OM: En réalité, dans l’état actuel des choses, nous n’avons pas le choix. Si nous souhaitons réussir une transition écologique et sociale, il va falloir investir massivement et donc s’endetter. D’autant plus qu’aujourd’hui nous avons tout intérêt à le faire vu que les taux d’intérêt restent bas. Donc, oui, nous pouvons et, oui, nous devons.
AÉ: Mais cette dette, il faudra bien la rembourser un jour?
OM: Pour le moment, la dette on ne la rembourse pas vraiment. On la fait rouler: c’est-à-dire que l’on contracte un nouvel emprunt pour rembourser celui qu’on avait fait auparavant. Aujourd’hui il est même rentable de faire ça parce que la dette ne coûte rien. Mais un jour, les taux d’intérêt remonteront. Pour ne pas payer trop d’intérêts sur la dette à ce moment-là, il faudra l’avoir en partie remboursée. Soit par le fruit des investissements, soit quelqu’un devra payer. Et ce sera ou les travailleurs ou, plus généralement, la population, comme après 2008. Soit il faut mettre les plus fortunés à contribution, comme l’a d’ailleurs récemment proposé le secrétaire général de l’ONU António Guterres.
«Si la dette permet à l’État d’investir dans de bons investissements de long-terme et dans une relance écologique, sociale et un minimum rentable, elle permet de créer le monde de demain, tout simplement. Si c’était le cas, elle serait loin d’être mauvaise.»

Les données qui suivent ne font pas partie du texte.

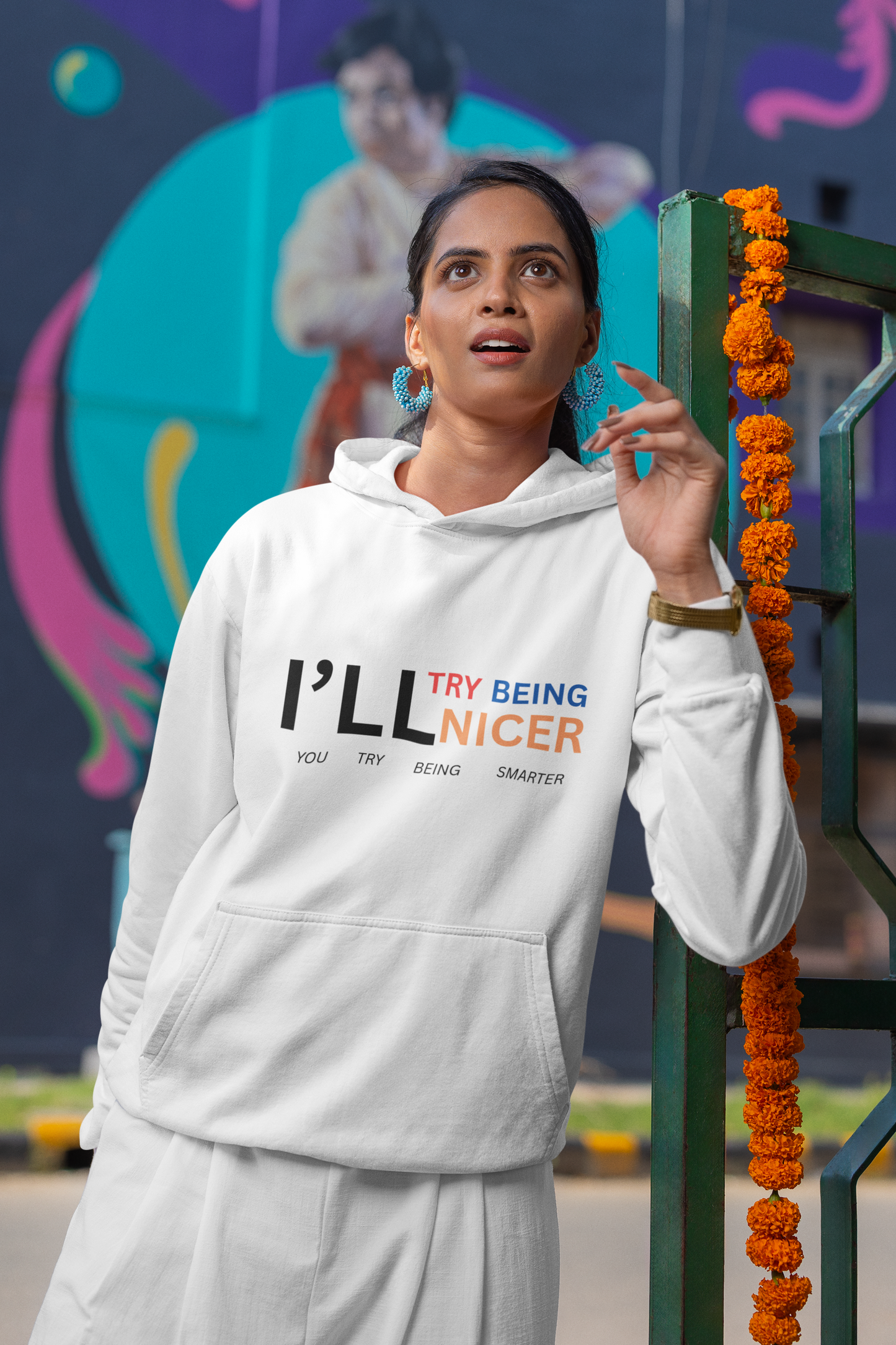 I'll Try Being Nicer, Sarcastic Hoodie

AÉ: Pour conclure, le problème d’aujourd’hui n’est-il pas que nous ne sommes pas face à une seule crise, mais à une multitude de crises (économique, sociale, environnementale, démocratique) et que cela rend le travail et les choix du politique encore plus compliqué?
OM: Effectivement, cette multitude de crises rend le travail politique plus difficile. Typiquement si le gouvernement décide après cette crise de prendre des mesures d’austérité budgétaire, il va accroître la crise sociale. S’il soutient l’industrie aéronautique, il aggrave la crise environnementale. Mais il ne faut pas dire qu’il n’existe pas de solution. Il y en a mais il faut changer le logiciel économique. Je donne un exemple: si on s’attaque à la crise sociale en augmentant les salaires et les budgets des CPAS, si on partage le temps de travail, on résout une partie de la crise sociale. Si, dans le même temps, on augmente la contribution fiscale des plus riches et des grandes entreprises, la population se rend bien compte que le gouvernement est véritablement de son côté et on résout en partie la crise démocratique. Si les gens ont davantage confiance dans le gouvernement pour ces raisons, on pourra plus facilement embrayer pour réaliser une transition écologique digne de ce nom. Tout n’est pas si simple, mais il y a des solutions qui allient économie, écologie et social. La difficulté, c’est que, pour les financer, il faut s’attaquer aux intérêts des puissants. Bien sûr, ces derniers refuseront toute taxe sur les grandes fortunes, par exemple, et il faudra un sacré rapport de force des syndicats et de la population pour l’imposer. Mais il n’y a pas d’autre issue: c’est ça, ou les puissants imposeront dix ans d’austérité budgétaire à la population.